Russ Abbott wrote:
* It also strikes me as strange that apparently (and correct me if
I'm wrong) it is not possible to execute 'choice' directly. That
is, one can't write {Digit} or {Browse {Digit}} and expect a
result. But since 'choice' is part of the syntax of the language,
as a programmer, my expectation is that it should do something,
i.e., that the virtual machine that execute Oz programs would do
something when it gets to a 'choice'.
Let me try to clarify things a bit. When a thread executes a choice
statement, the program is facing a non-deterministic choice. Something
*from the outside* must decide which alternative to choose. This is why
the designers of Oz decided to encapsulate non-determinism. For this
purpose they invented the computation space.
So your nondeterministic program is run inside a computation space.

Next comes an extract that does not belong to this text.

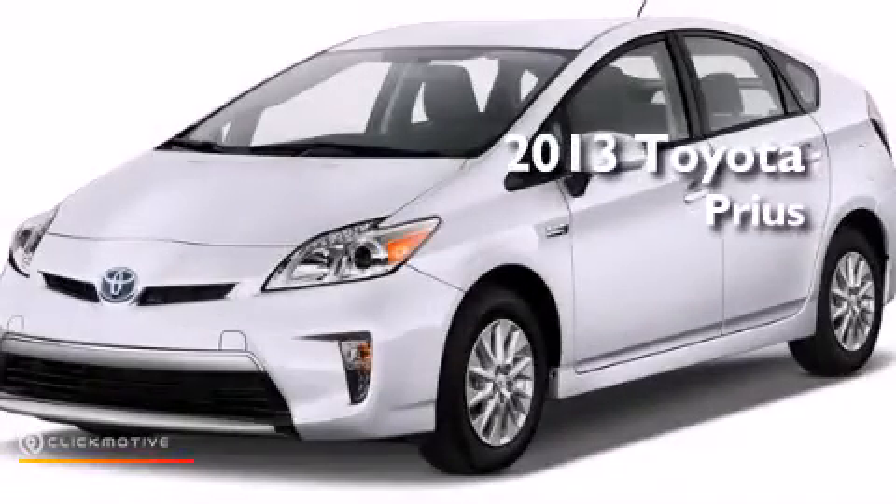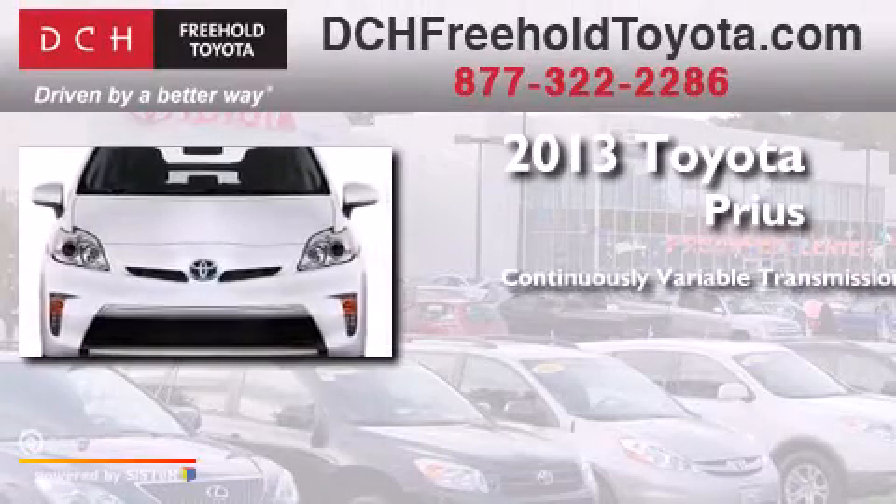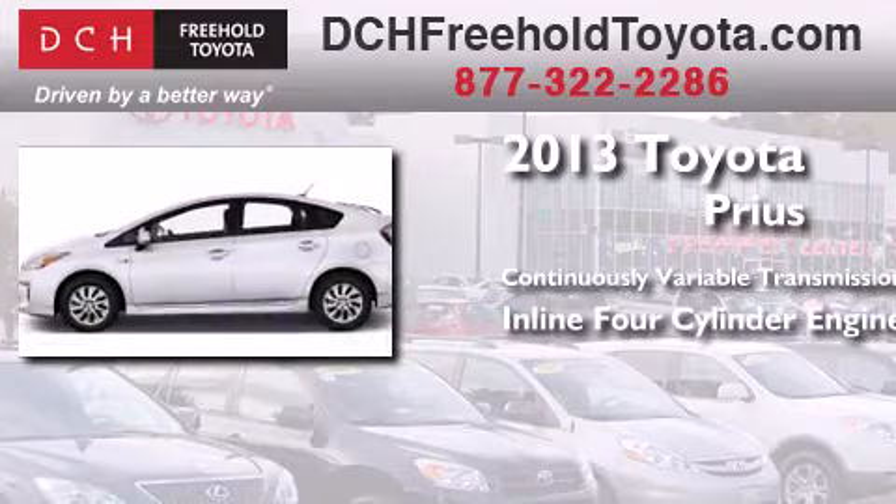This is a brand new 2013 Toyota Prius. This four-door sedan has a continuously variable transmission and an inline four-cylinder engine.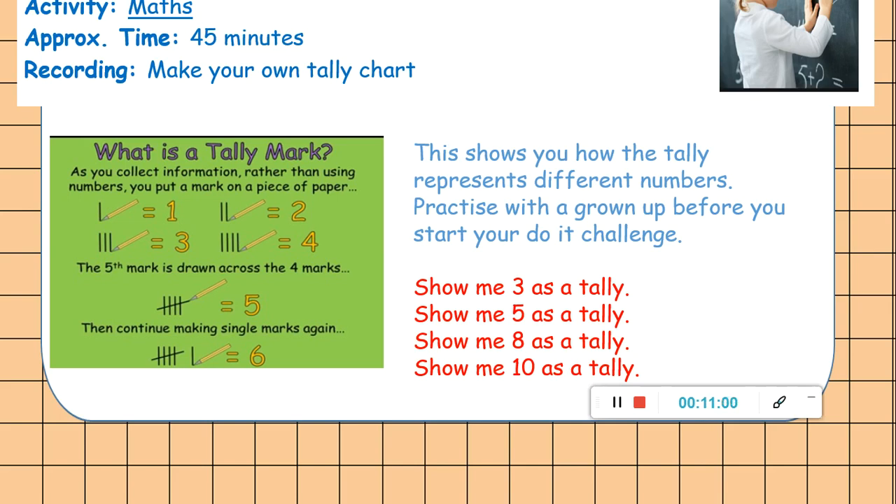I want you to have a little go at this first. This shows you how the tally represents different numbers, and you're going to practise with a grown-up before you start the 'do it' challenge. On a board, in your book, or on a piece of paper — can you show me how we would write three as a tally? When you've done that, show me how we would write five as a tally. Then show me number eight as a tally. And finally, show me number ten as a tally. Pause your video now and have a go at all four before we look at the answers.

This space does not permit side effects, and thus looks like a closed
world. From outside the space, you can detect when the space is facing
a nondeterministic choice. There you can "guide" the computation by
committing one of the alternives.
This makes a search engine easy to implement in Oz. Computation spaces
are provided as first-class entities. Search consists in creating a
computation space with the logic program inside it, and try all possible
executions. For this, you wait until the computation succeeds, fails,
or makes a choice. When facing a choice, you typically clone the space,
and commit one of the alternatives per clone, and recursively explore them.